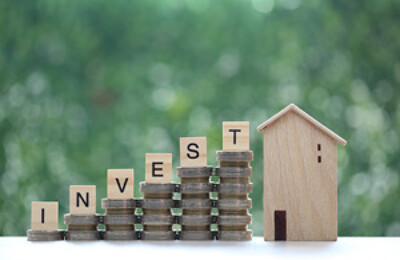 Geldmünzen aufgestapelt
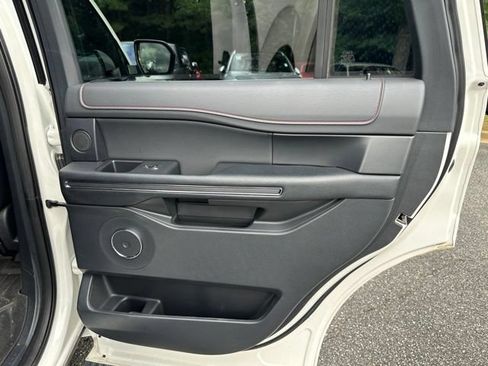 Used 2022 Ford Expedition Limited AWD/4WD image 18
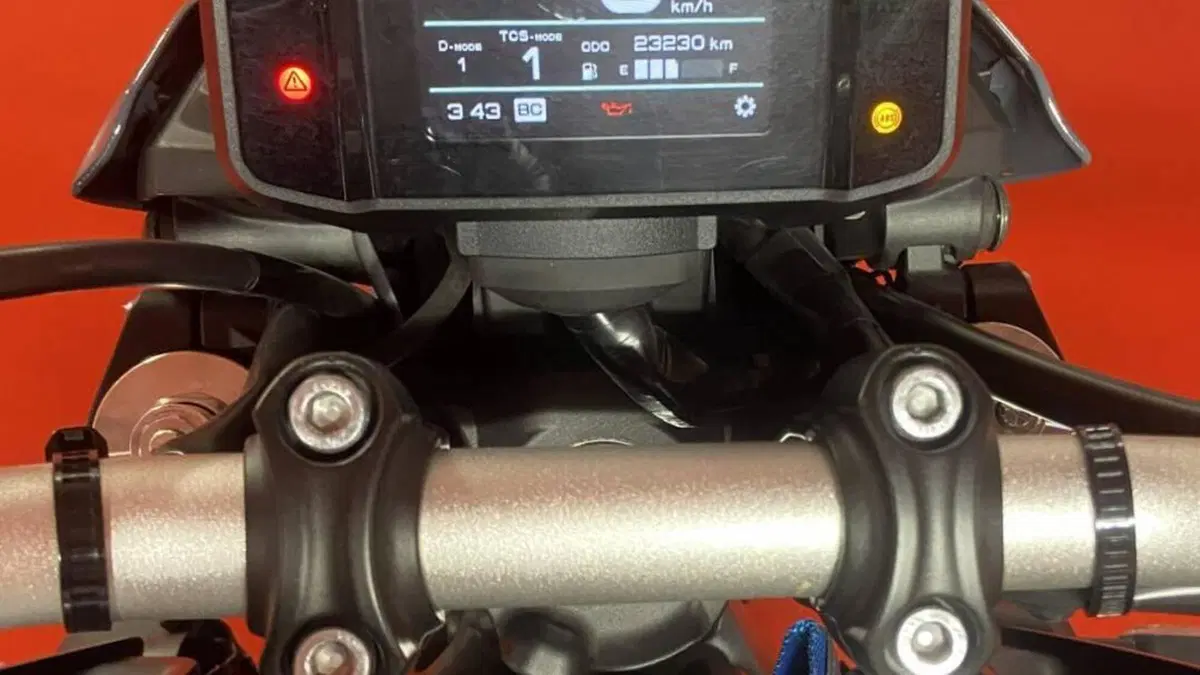 Yamaha MT-09 (2021 - 23)  (8)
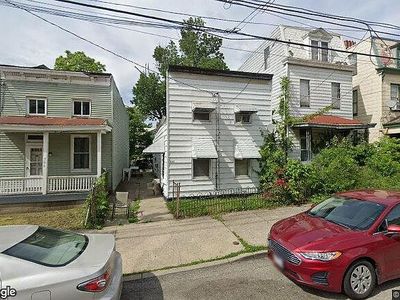 308 E University Ave, Cincinnati, OH, 45219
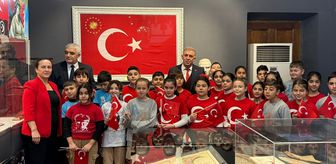 Buca'da öğrencilerden Bayrakbilim ve Türk Bayrakları Müzesi'ne ziyaret
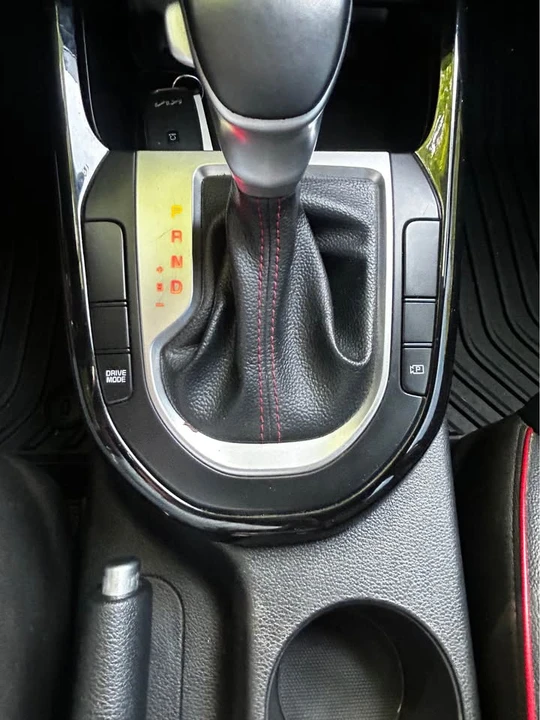 2022 Kia Forte - Image 13 of 16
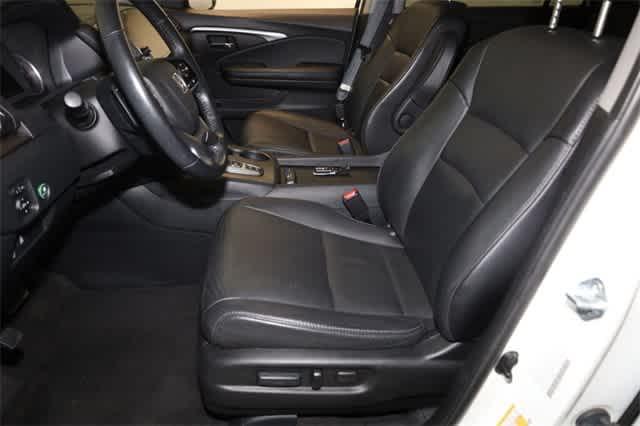 used 2022 Honda Pilot car, priced at $30,144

Exercise goal – Once the pictures are set aside, write out the entries verbatim.

Answer to the problem –
 Geldmünzen aufgestapelt
 Used 2022 Ford Expedition Limited AWD/4WD image 18
 Yamaha MT-09 (2021 - 23)  (8)
 308 E University Ave, Cincinnati, OH, 45219
 Buca'da öğrencilerden Bayrakbilim ve Türk Bayrakları Müzesi'ne ziyaret
 2022 Kia Forte - Image 13 of 16
 used 2022 Honda Pilot car, priced at $30,144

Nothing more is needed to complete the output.